Putting a face to student homelessness, through comics

India Wynne has a stable life. They have a bachelor’s degree and a master’s degree. They own a house. And they have a steady job as an adviser in US Senator Ron Wyden’s office.

But Wynne’s life wasn’t always like this.

“I never thought I would be here,” Wynne said. “I didn’t think I would live this long.”

The 46-year-old Navy veteran has been through many difficult times in his life: sexual abuse and harassment during his military service, drug and alcohol addiction, untreated bipolar disorder, cancer and nearly a decade of ups and downs. -comes roaming.

Wynne said that during this time a lot of people made snap judgments about them.

“It amazes me when people look at the homeless community. It’s almost like they assume we choose to be there,” Wynne said. “There’s a story behind everyone’s situation and everyone’s pain.”

That’s why Wynne decided to share their story with Portland State University’s new storytelling project, Change the story.

It details the lived experiences of PSU students who have been homeless or experienced housing instability. The stories explore the many ways people fall into homelessness, the stigma they endure, the challenges of earning, and their resilience as they emerge from their situation.

Their experiences are not told in a dense academic research paper.
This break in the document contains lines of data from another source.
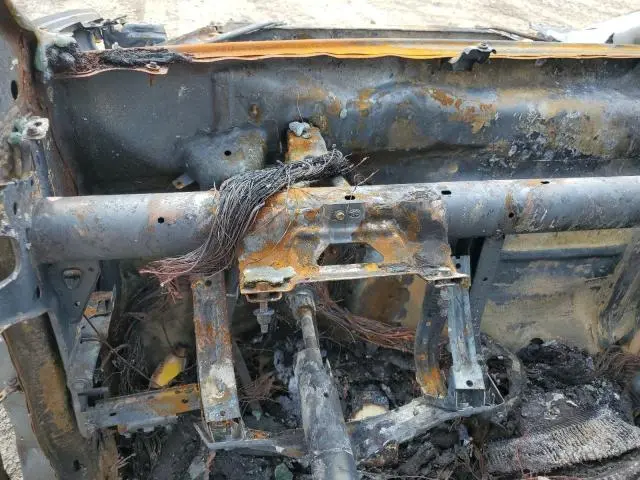 2024 CHEVROLET SILVERADO K1500 CUSTOM  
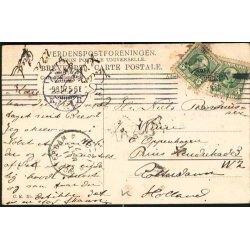 K&oslash;benhavn - Christian d.IXs Bro - C.R. 120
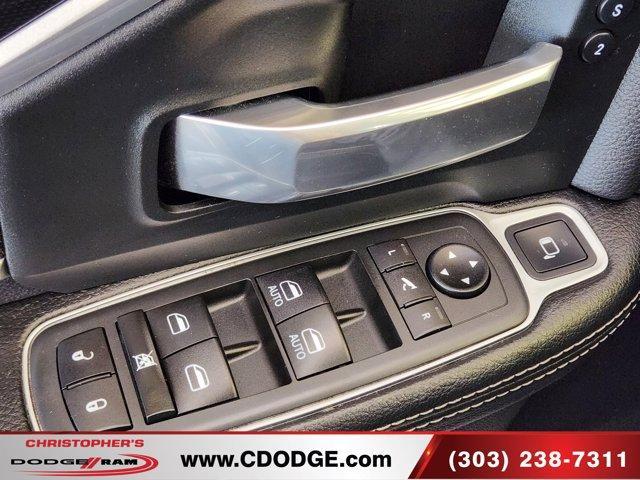 used 2019 Ram 2500 car, priced at $46,966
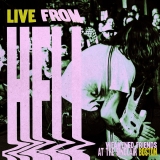 Weakened Friends/Live From Hell@2LP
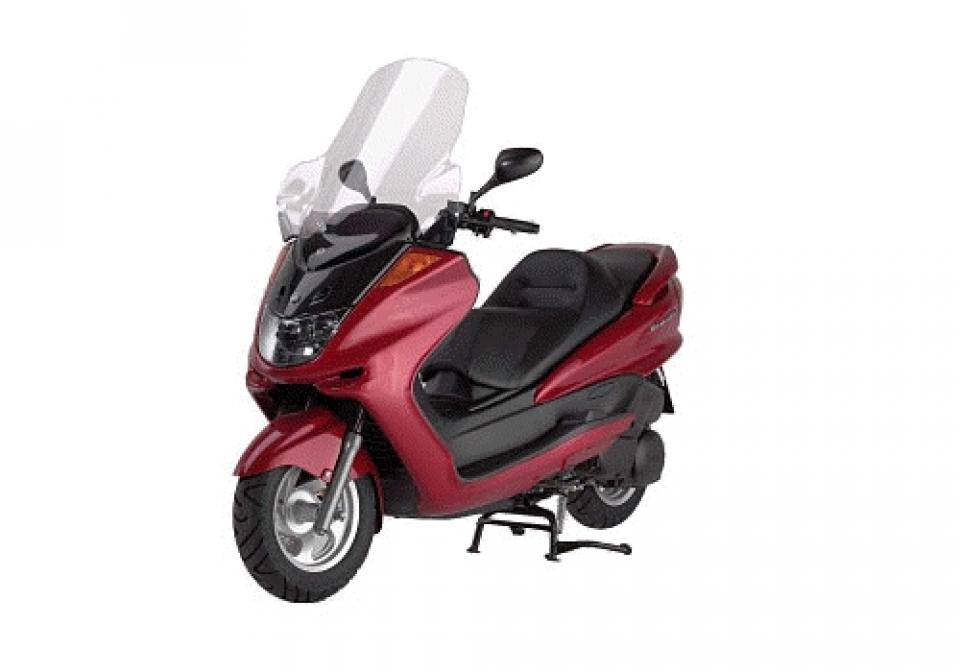 Pare brise Fabbri pour Scooter MBK 250 Yp Skyliner 2000 à 2003 Neuf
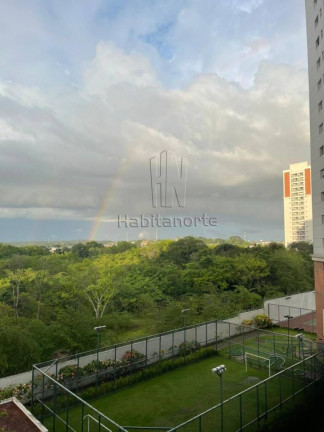 Imagem Apartamento com 3 Quartos à Venda, 130 m² em Ponta Negra - Manaus Imagem Apartamento com 3 Quartos à Venda, 130 m² em Ponta Negra - Manaus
Instead, they are illustrated with comics.

“Comics and things with a lot of visual representation can be an accessible way for people to engage, a different way for people to engage,” said Kimberléa Ruffu, research assistant on the project.

India Wynne worked with Portland cartoonist Liz Yerby to tell their story.

Artist Liz Yerby / Portland State University Copyright 2021

She hopes the stories will reach a wider audience and change the public’s perspective on homelessness.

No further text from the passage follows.